You don’t enter the Art Institute’s new Modern Wing so much as board it. A bridge reaches deep into Millennium Park, with its corporate-sponsored populism, then carries you into an elegant modernist space built by traditional art patronage. The juxtaposition of these two cultural modes of art consumption is reflected in the deep ambivalence, even confusion, of the first place you land upon within new building. The bridge delivers you to a roof deck offering a spectacular view of the Frank Gehry-designed Pritzker Pavilion, the AT&T Plaza with Anish Kapoor’’s Cloud Gate sculpture, and the Chicago skyline. The deck offers some Scott Burton sculptures which are essentially stone furniture. But the deck is also a white-tablecloth dining space, with a crew of black-clad waitresses hovering about to make sure no one touches the glassware. The view and the Burton sculptures are inviting, but one fears the waitresses are going to shoo everyone away.
The next problem is finding your way to the art. The elevator seems like it would be the most direct route, but it’s crowded with people in wheelchairs. You finally come upon a staircase that seems to be your only way of getting off the roof deck and into the galleries. Sure enough, after several flights you find yourself in front of the ticket office for the Modern Wing. You enter the paid section of the museum in the Griffin Court, a space that manages to be serene and beautiful despite being crowded (we all marched in free that day) and rather narrow. Natural light filters down from the high ceiling. The stairways and gallery entrances are visible along the north wall—a machine for consuming art. You have to pause here for a moment: you’re now fully integrated into the Modern Wing and in the hands of its architect, Renzo Piano. The marvelous details aren’t yet visible, but Piano’s command of proportion and his Cartesian rigor are immediately apparent.
Still a little uncertain how you arrived in the museum, you mount the stairs to the third floor galleries, dedicated to European Modernism from 1900 to 1950. On a sunny Friday all of the lights are off. The galleries are lit solely by sunlight filtering in through the glass roof. Even at noon the light isn’t optimal for viewing artwork, but the subdued light underscored the restless pessimism of art from that period. I will get to the artwork in the next post, but now you can finally appreciate the Piano’s meticulous details. The slender structural elements are joined together with masonic precision. There’s glass everywhere, and yet none of it is bare. White shades are pulled taunt and unusually well integrated into the window frames. The effect is one of unperturbed refinement.

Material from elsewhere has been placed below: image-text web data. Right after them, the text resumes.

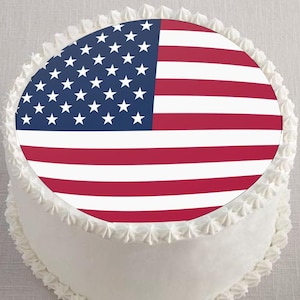 May include: A round white cake decorated with a frosting border. The cake is topped with an edible image of the American flag, featuring red and white stripes and a blue field with white stars. A festive dessert.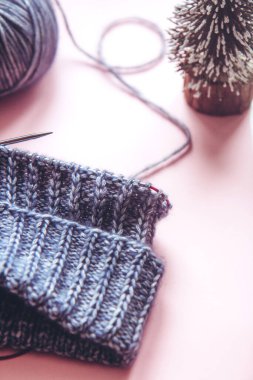 Örgü projesi başladı. Mavi iplik yumağı, örgü iğneleri ve açık pembe arka planda Noel ağacıyla örgü örmek. Yünlü giysiler ören bir kadın.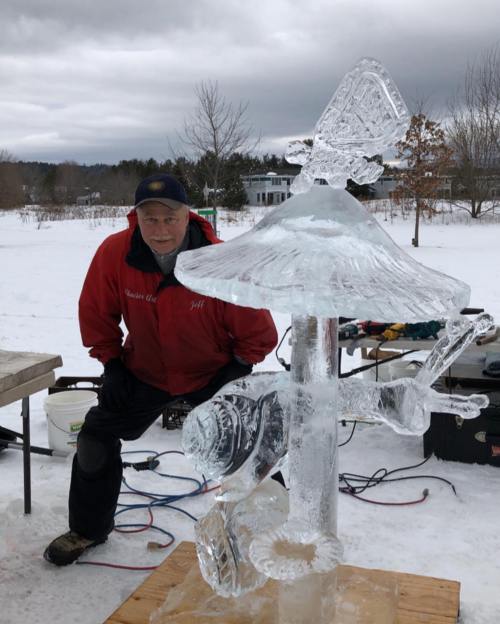 A man in a red jacket poses beside a detailed ice sculpture in a snowy landscape.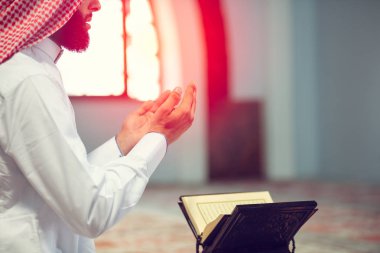 Dindar Müslüman adam caminin içinde dua ediyor.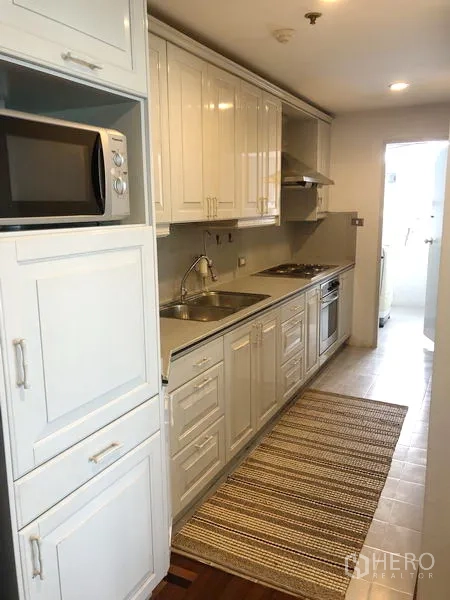 คอนโด ให้เช่าหรือขายในWatthana, Bangkok - ครัวแบบแกลลีย์ ตู้สีขาว อ่างล้างจาน เตาอบ และไมโครเวฟ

Because it lacks the transparent roof of the third floor, the second floor is less captivating, but still a (mostly) excellent space. The second floor houses American and European contemporary art after 1945. The people to painting ratio shifts in favor of the former, however, and some familiar museum irritants start to intrude upon your experience. I was pressed up against a Jackson Pollack by the crowd, when I would have rather of stood further away. A guy who went through the entire museum wearing his bike helmet blocked my view of a large Mark Rothko. Even after some practice, it’s still not intuitively clear whether you should pull or push upon a door. (One embarrassing moment: I thought I was locked out of the men’s room until another guy pushed open the door and walked right in.)
Piano tucked away the commercial enterprises—the bookstore and the coffee shop—into the museum’s remote corners, which is appreciated. Unfortunately, the second floor Architecture and Design Gallery is also tucked into a corner, and a dark and warm one at that. The A & D gallery has none of Piano’s distinctive touches, such as windows. It’s surprisingly drab. Worse, it doesn’t flow. After reaching the end of the gallery you have to double back and retrace your steps to exit. The alleviate the boxcar-like feeling of the gallery Piano cut open some of the walls and placed display platforms in the gaps. It would seem that you could cut between the platforms and circle back, but there’s a guard there whose only job is to forbid people from slipping through. On a practical and metaphorical level, the experience is a dead end.
The unfortunate Architecture and Design gallery aside, the Modern Wing is exactly what a museum devoted to modern art should be. Piano’s classicism may seem slightly out of place, but some of the art is over a century old now and starting to achieve classical status. There are awkward spaces—the roof deck, the baby changing tables in the restrooms—but overall the building is masterful. Piano’s design has been criticized for lacking any truly distinctive features, but that’s what is so modernist about it. The Modern Wing has to be taken as a whole, like a Mies design.
This is a very sharp-edged design. There isn’t a single curve in the place. And yet it feels inviting without ever pandering. It’s a remarkably focused building, offering its own distinctive experience while mediating between the carnivalesque architecture of Millennium Park and the Gibson Girl dowdiness of the Art Institute’s main building.